On the subject of Federal Reserve policy, the current back-slapping about the success of extraordinary monetary policy is a lot like declaring victory in a football game at halftime, just before a flock of fire-breathing dragons swoops onto the field and eats the leading team. As we saw in the collapse of the mortgage bubble (another product of yield-seeking speculation brought to you by your friends at the Federal Reserve), we have to allow for the possibility that the second half of the game will be violently unrecognizable.

I describe recent Fed policies with the word “deranged” intentionally – not just because those policies took interest rates and the monetary base far outside of their historical range, but also because doing so has encouraged an even more grotesque round of yield-seeking speculation than the preceding mortgage bubble, which ended in global financial collapse. In the interest of protecting the jobs of bank executives, and protecting bank bondholders from perhaps a few hundred billion dollars in losses (depositors were never at risk, which should be immediately obvious from studying any bank balance sheet), the Fed created yet another yield-seeking bubble that has encouraged vastly expanded indebtedness in every sector of the economy, and has set U.S. equity market investors up for a likely loss in excess of $20 trillion in market capitalization in the coming years.

A $20 trillion market loss? Preposterous. The audacity – nay – the temerity, as Gary Gulman would say. Unfortunately, that’s how valuations work over the complete cycle. That’s how it was possible to correctly project an -83% loss in tech stocks in March 2000, and a loss in the S&P 500 of about -50% at the 2007 peak. When you’re pushing $40 trillion in U.S. equity market capitalization, the highest multiple of U.S. GDP in history, a loss of half of that capitalization over the completion of the cycle is a conservative estimate. It’s certainly not a worst-case scenario. Also, remember from the 2000-2002 and 2007-2009 collapses that Fed easing does nothing to provoke speculation in periods where investors are risk-averse, because in a risk-averse environment, safe liquidity is a desirable asset rather than an inferior one.

Frankly, wiping out half of U.S. equity market capitalization would not even bring the most reliable measures of market valuation to their historical norms, so that outcome is somewhat less likely than wiping out two-thirds of market capitalization over the completion of this episode..

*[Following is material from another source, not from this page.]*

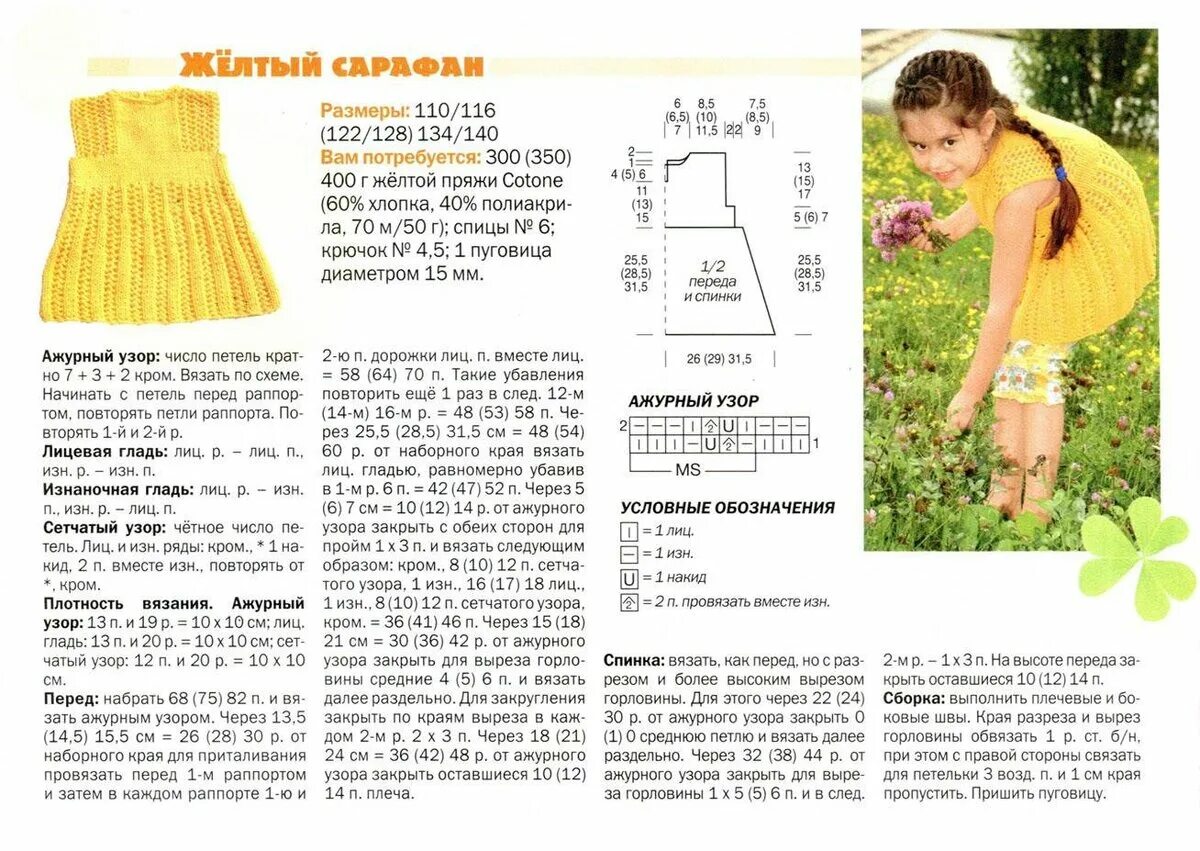 Платья спицами для девочек схемы описания Картинки ВЯЗАНОЕ ПЛАТЬЕ ДЕВОЧКИ 2 ЛЕТ СХЕМЫ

What if the bull market continues?

Despite our emphatic concerns here, we have no attachment to a hard-negative market outlook or investment stance. If our measures of market internals were to improve, indicating that investors had again taken the speculative bit in their teeth, even our own investment outlook would immediately shift neutral or constructive (though with a safety net given current valuations). That’s the central adaptation that was required of our discipline in this cycle: if market internals are favorable, it’s necessary to adopt a neutral or constructive outlook; even in the face of breathtakingly overextended conditions; even in the face of most extreme valuations in U.S. history, on the measures we find best correlated with actual subsequent market returns.

Though my sense is that the market is currently registering a major bull market peak, suppose that the market is actually poised to double from its current level without any material weakness at all. Frankly, that would be fine, because it’s very unlikely for the market to experience a sustained advance without also recruiting favorable market internals, which would encourage us to shift our stance to a much more constructive outlook (though undoubtedly with a safety net given current valuation extremes). It was our pre-emptive bearish response to “overvalued, overbought, overbullish” features of market action – without deterioration in market internals – that created difficulty for us in recent years.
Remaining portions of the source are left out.